The Whispering Wind
Matt Zoller Seitz on The New World
As Terrence Malick’s The New World eases into its climactic movement, its heroine Pocahontas enters the latest (but not last) phase of her journey. Once a Powhatan princess, she became the lover of convict-turned-explorer John Smith; then a diplomat taking pity on Smith’s stubborn, hapless countrymen; then a pariah cast out by her father as a betrayer; then a slowly assimilating Englishwoman and grieving (presumed) widow, deceived into thinking Smith dead; then a ward—and later, lover—of a kind Englishman, John Rolfe; the toast of Rolfe’s mother country; then a contented wife living in a high-ceilinged manor in which she welcomes Smith as her guest.
Now she is about to become, in Rolfe’s words, “but a fond memory” to a son that barely knew her.
Pocahontas’s toddler-aged son runs along a hedgerow amid a flock of sheep. The camera follows like a tagalong ghost. The wind comes up.

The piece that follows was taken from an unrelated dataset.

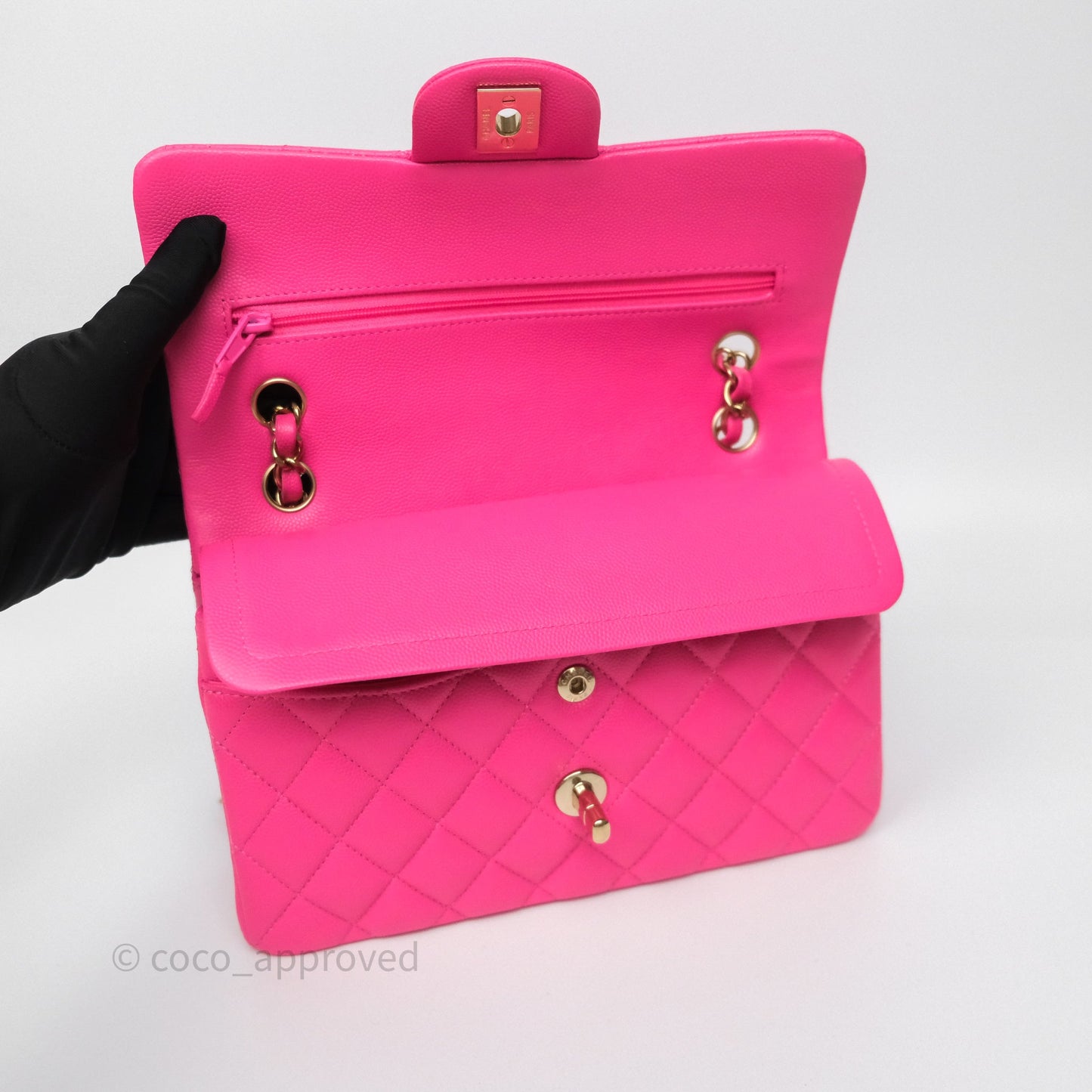 Chanel Small Classic Flap Quilted Hot Pink Caviar Gold Hardware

The wind signals that the movie is over—that the end is near.
But what follows is a beginning.
Malick understands the aesthetic potential of sound. The sound design on his four features—Badlands (1973), Days of Heaven (1978), The Thin Red Line (1998) and The New World (2005)—marries precision and depth and is as meticulously timed and orchestrated as his editing. In a review of The New World, I described the director’s style as “epic naturalism,” a mode that combines “classical Hollywood production values (including Cinemascope photography and an eclectic symphonic score) with a documentary approach to narrative, characterization, and editing.” These aspects might seem incompatible—Hollywood gloss plus indie grit. But in Malick’s films they work in tandem, and sound design is a big part of the reason why.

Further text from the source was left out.